FERNANDO VALLESPÍN-EL PAÍS
- Tengo la convicción de que nos dejamos llevar por la acelerada sucesión de noticias y que esta dinámica es la que puede estar “apartando nuestra atención” de cosas sobre las que deberíamos estar más vigilantes
Los veranos solían ser el momento en el que la aceleración se aminoraba, cuando se entraba en ese maravilloso territorio temporal del “paréntesis estival”. Para los periodistas en servicio, los que debían permanecer al pie del cañón, era la pesadilla porque debían enfrentarse al horror vacui de semana tras semana sin noticias. Esto, qué duda cabe, es parte de ese mundo que hemos perdido, aquel en el que de vez en cuando había tiempo para la reflexión, para detenerse a pensar o leer todas aquellas novelas que se iban aplazando, incluso para recuperar, aunque solo fuera en una tarde tonta, el aburrimiento que uno recordaba de la infancia. El aburrimiento, quizá la actividad humana más injustamente denostada. Injustamente, digo, porque es de las pocas actividades que se caracterizan por la ausencia de actividad. Su término en alemán lo dice todo, Langeweile, que en sentido literal significa “permanecer largamente”, mantenerse suspendido en el tiempo. Quien se aburre se sale de la corriente temporal. Heidegger lo llamaba “el murmullo de fondo de la existencia”, la dimensión en la que uno cae cuando se abandona de sí mismo y de cuanto le rodea. ¿Pueden imaginar un mejor plan para estas vacaciones?
Pues no, prohibido aburrirse, prohibido desconectar; en suma, prohibido descansar. Hay que seguir estando al tanto de todo. La lógica informativa, la continua e ininterrumpida aportación de novedades, ha acabado por colonizar todas las dimensiones de nuestra existencia. Este mes de julio he visto con horror cómo mi smartphone me recordaba que “el tiempo de uso de su dispositivo” había aumentado más de una hora diaria respecto del mes anterior. Y como yo casi solo lo uso para informarme, eso significaba que ni siquiera durante la canícula conseguía desconectar. Imposible aburrirse, imposible no estar distraído.

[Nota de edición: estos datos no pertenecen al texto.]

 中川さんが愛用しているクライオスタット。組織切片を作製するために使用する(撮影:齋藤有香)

Fíjense, acabo de mencionar el término clave, “distracción”. Y lo es porque tiene un doble sentido: por un lado equivale a entretenimiento, y, por otro, significa “apartar la atención” de algo. Cuando estamos distraídos no nos fijamos en lo que debiéramos. Y esta segunda acepción es la que me interesa, porque tengo la convicción de que hay un exceso de política como entretenimiento, que nos dejamos llevar por la acelerada sucesión de noticias, y que esta misma dinámica es la que puede estar “apartando nuestra atención” de cosas sobre las que deberíamos estar más vigilantes. En algún momento hay que parar esta maquinaria para concentrarnos en lo verdaderamente relevante.

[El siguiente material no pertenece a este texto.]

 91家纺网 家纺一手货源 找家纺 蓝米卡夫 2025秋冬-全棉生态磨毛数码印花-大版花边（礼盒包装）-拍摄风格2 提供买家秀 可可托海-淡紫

Nuestra política crea un inmenso estruendo de fondo. Oímos el ruido, pero no captamos su melodía. Y están pasando demasiadas cosas, muchas de ellas preocupantes, como para no detenernos a analizarlas. La política es demasiado importante para convertirse en una mera distracción o “pasatiempo” —vean, en este término late el terror ante el aburrimiento— o para dejarla al albur de lo novedoso. Somos incapaces para el aburrimiento, pero quizá no tanto para la reflexión. Les pongo tarea para este verano: ¿cuáles son los temas sobre los que deberíamos estar pensando; cuáles debemos rescatar de esa extraña forma de olvido que consiste en el continuo fluir de noticias? Trataré de traerlos a esta columna.